#### Instructions to follow:
Begin with the line below holding "Hi there, this" and go on through the line holding "We're going to", duplicating each line exactly and leaving out pictures.

#### Data supplied:
"""
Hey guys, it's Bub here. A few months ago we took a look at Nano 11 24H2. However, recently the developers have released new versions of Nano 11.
"""
"""
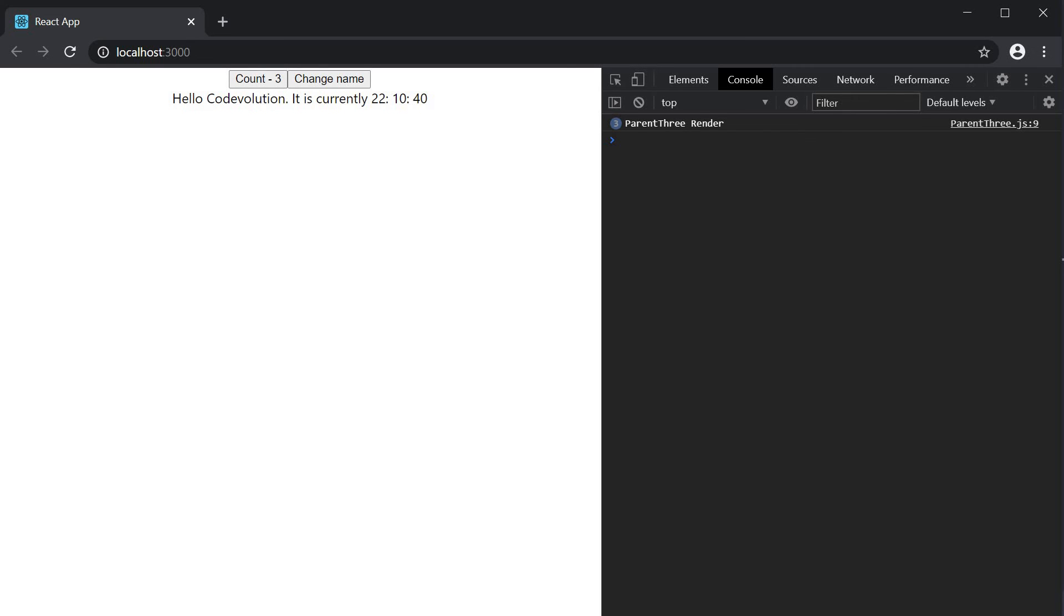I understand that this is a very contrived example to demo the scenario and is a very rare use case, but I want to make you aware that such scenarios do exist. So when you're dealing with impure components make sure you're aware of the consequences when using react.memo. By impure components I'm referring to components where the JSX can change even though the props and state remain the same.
"""
"""
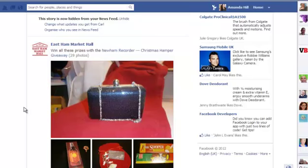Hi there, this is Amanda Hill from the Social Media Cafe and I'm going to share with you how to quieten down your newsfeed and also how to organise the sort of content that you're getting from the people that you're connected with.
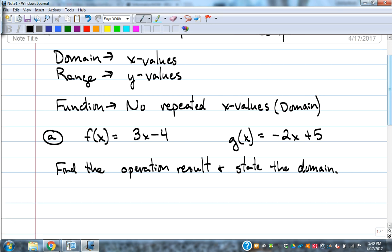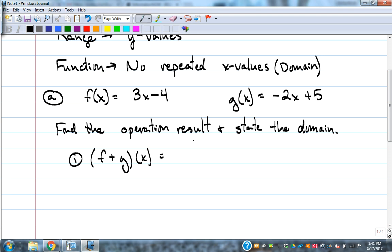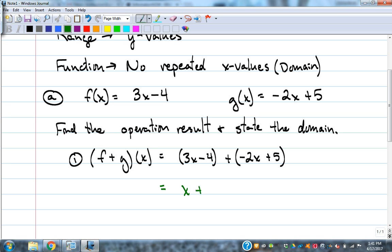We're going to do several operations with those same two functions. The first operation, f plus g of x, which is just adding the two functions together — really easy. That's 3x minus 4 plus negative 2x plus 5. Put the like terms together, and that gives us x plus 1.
"""
#### Result:
Hi there, this is Amanda Hill from the Social Media Cafe and I'm going to share with you how to quieten down your newsfeed and also how to organise the sort of content that you're getting from the people that you're connected with.
We're going to do several operations with those same two functions. The first operation, f plus g of x, which is just adding the two functions together — really easy. That's 3x minus 4 plus negative 2x plus 5. Put the like terms together, and that gives us x plus 1.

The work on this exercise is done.